Therefore, the first bearing 18 and the second bearing 19 are spaced apart from each other along the axial direction of the sealed container 10 and also the first to third cylinder bodies 21a, 21b and 21c, the first intermediate partition plate 16 and the second intermediate partition plate 17 are alternately disposed between the first bearing 18 and the second bearing 19.

According to the embodiment, the zone surrounded by the inner diameter portion of first cylinder body 21a, the first intermediate partition plate 16 and the flange portion 23 of the first bearing 18 defines the first cylinder chamber 30.

The zone surrounded by the inner diameter portion of the second cylinder body 21b, the first intermediate partition plate 16 and the second intermediate partition plate 17 defines the second cylinder chamber 31.

Further, the zone surrounded by the inner diameter portion of third cylinder body 21c, the second intermediate partition plate 17 and the flange portion 27 of the second bearing 19 defines the third cylinder chamber 32.

As shown in FIG. 3, the thickness of the first intermediate partition plate 16 is set greater than that of the second intermediate partition plate 17, and with this structure, a distance D1 from an axial middle point of the first cylinder chamber 30 to an axial middle point of the second cylinder chamber 31 is greater than a distance D2 from an axial middle point of the second cylinder chamber 31 to an axial middle point of the third cylinder chamber 32.

In other words, the second intermediate partition plate 17 is thinner than the first intermediate partition plate 16, and thus the second cylinder chamber 31 and the third cylinder chamber 32 are maintained to be close to each other along the axial direction of the sealed container 10.

As shown in FIGS. 2 and 3, a first discharge muffler 33 is attached to the first bearing 18. Between the first discharge muffler 33 and the first bearing 18, a first silencer chamber 34 is formed.
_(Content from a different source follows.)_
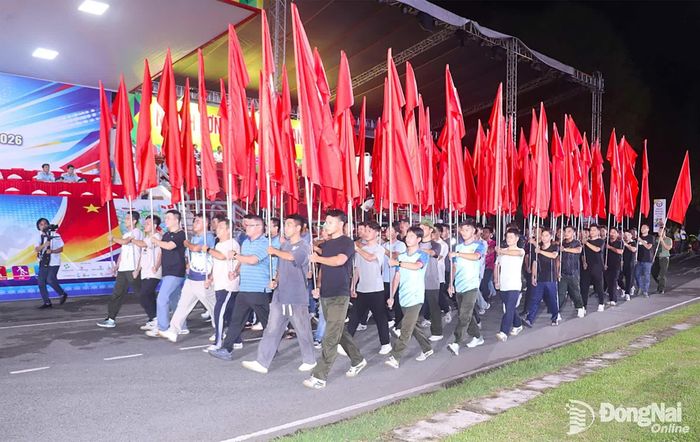 Diễn tập phần diễu hành nghi thức với các khối cờ tiến vào lễ đài. Ảnh: An Nhơn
The first silencer chamber 34 is opened via a plurality of exhaust holes (not shown) made in the first discharge muffler 33 to inside of the sealed container 10.

A second discharge muffler 35 is attached to the second bearing 19. Between the second discharge muffler 35 and the second bearing 19, a second silencer chamber 36 is formed. The second silencer chamber 36 is communicated to the first silencer chamber 34 via a discharge passage (not shown) extending along the axial direction of the sealed container 10.

As shown in FIGS. 2 and 3, the rotary shaft 20 is located to be coaxial with the sealed container 10 on the central axis O1 thereof. The rotary shaft 20 is a single integrated structure including the first journal portion 38, the second journal portion 39, first to third the crank portions 40a, 40b and 40c, a first connection shaft 41 and a second connection shaft 42.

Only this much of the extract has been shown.